Club Med SAS, commonly known as Club Med and previously known as Club Méditerranée SA, is a French travel and tourism operator headquartered in Paris, specializing in all-inclusive holidays. Founded in 1950, the company has been primarily owned by the Chinese conglomerate Fosun Group since 2013. Club Med either wholly owns or operates nearly eighty all-inclusive resort villages in holiday locations around the world.

History

Foundation 

The Club was started in 1950 by Belgian entrepreneur Gérard Blitz.  Blitz had opened a low-priced summer colony of tents on the Spanish island of Majorca, then another one in the island of Djerba (Tunisia). Great entertainer, Blitz was however no businessman and he went bankrupt in 1953. The main creditor was the tents supplier, Gilbert Trigano, the French "King of Camping"; Trigano took control of the Club and slowly pushed  Blitz aside. The first official Club Med was built the next year in Palinuro, Salerno,  Italy. The original villages were simple: Members stayed in unlit straw huts on a beachfront, sharing communal washing facilities. Such villages have been replaced with modern blocks or huts with ensuite facilities.

Expansion 
Because of reckless spending, the Club was on the verge of bankruptcy in 1961. It was saved by the 35-year-old Baron Edmond de Rothschild after he had visited a resort and enjoyed his stay. With Rothschild financing, the number of villages increased greatly under Trigano's leadership from 1963 to 1993. Winter villages, providing skiing and winter sports tuition, were introduced in 1956 at Leysin, Switzerland. In 1965, the first club outside the Mediterranean was opened in Tahiti. Club Med broadened its reach by opening villages in the French Caribbean (Guadeloupe and Martinique). 
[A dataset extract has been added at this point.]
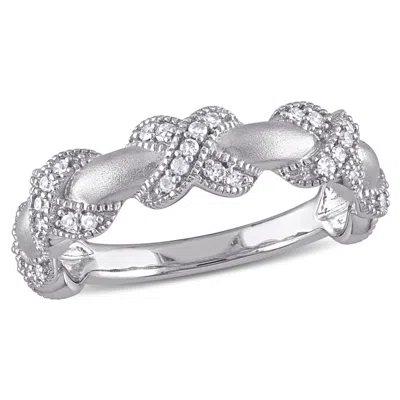 Mimi & Max 1/5ct Tw Diamond X Ring Matte Finish 14k White Gold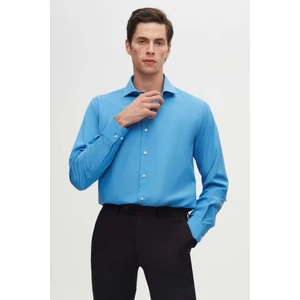 Slim Fit Mavi Italyan Yaka Dar Kesim Klasik Kravatlık Uzun Kollu Kolay Ütülenebilir Nefes 2HF02ORT4185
Originally attracting mainly singles and young couples, the Club later became primarily a destination for families, with the first Mini Club opening in 1967.
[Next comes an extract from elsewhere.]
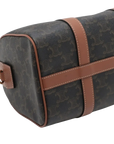 Pre-Loved Triomphe Boston Bag Handbag Triomphe Coated Canvas Small with Gold Hardware, Brown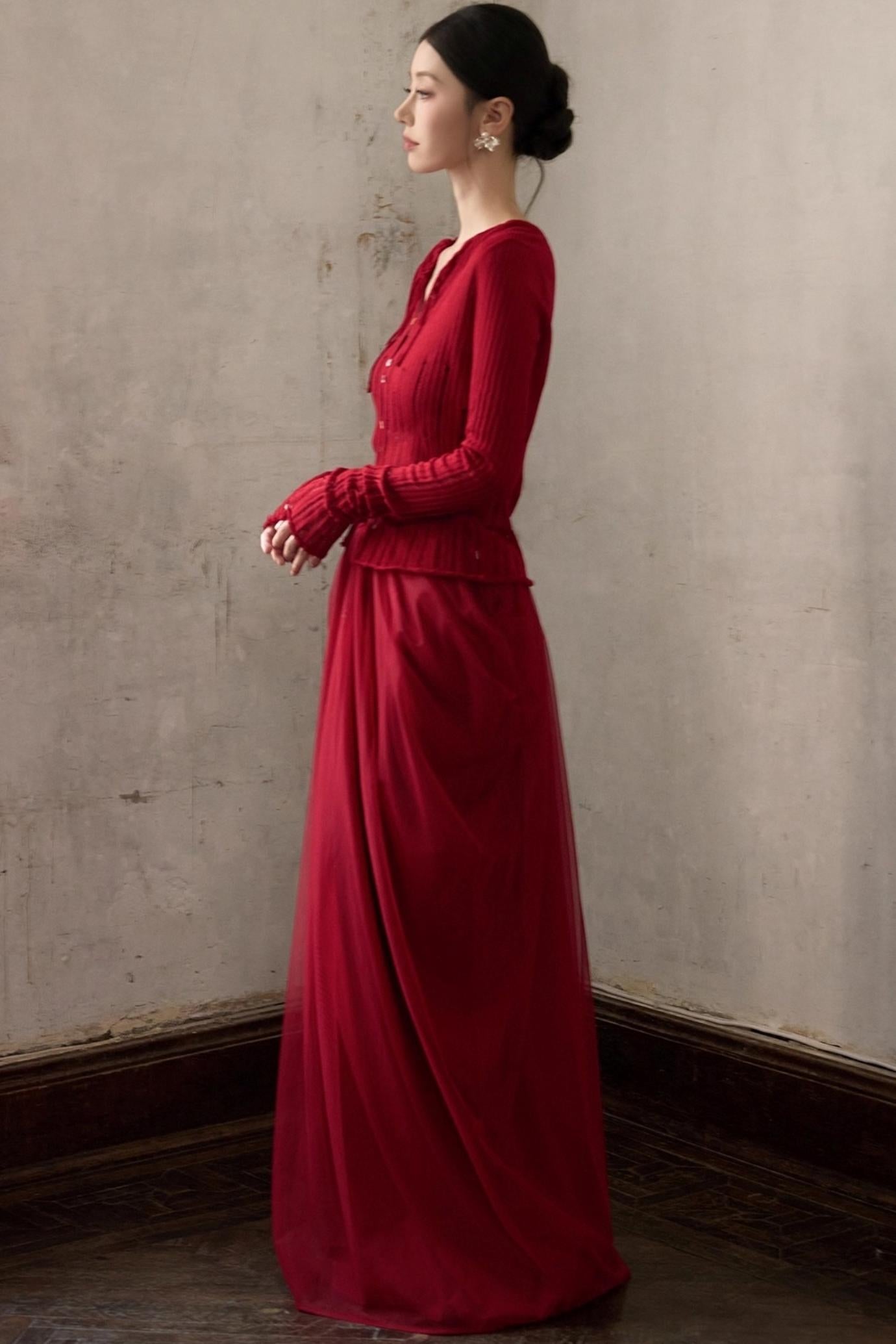 Autumn Red Knitted Cardigan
Club Méditerranée S.A. had a branch in the USA named Club Méditerranée Inc, with several partners including Crédit Lyonnais and American Express. In 1974, upon his arrival as the new CEO of the Club for North America, Jean Lallemand, one of the first members of the Club and responsible of its large presence in Italy, hired as marketing manager the French HEC Jacques Bacon, who made the Club a huge success within 3 years through an aggressive and very efficient promotion; it was he who suggested the name Club Med. The new name was at that time reserved to the North American market, but later became the name of the mother company as well.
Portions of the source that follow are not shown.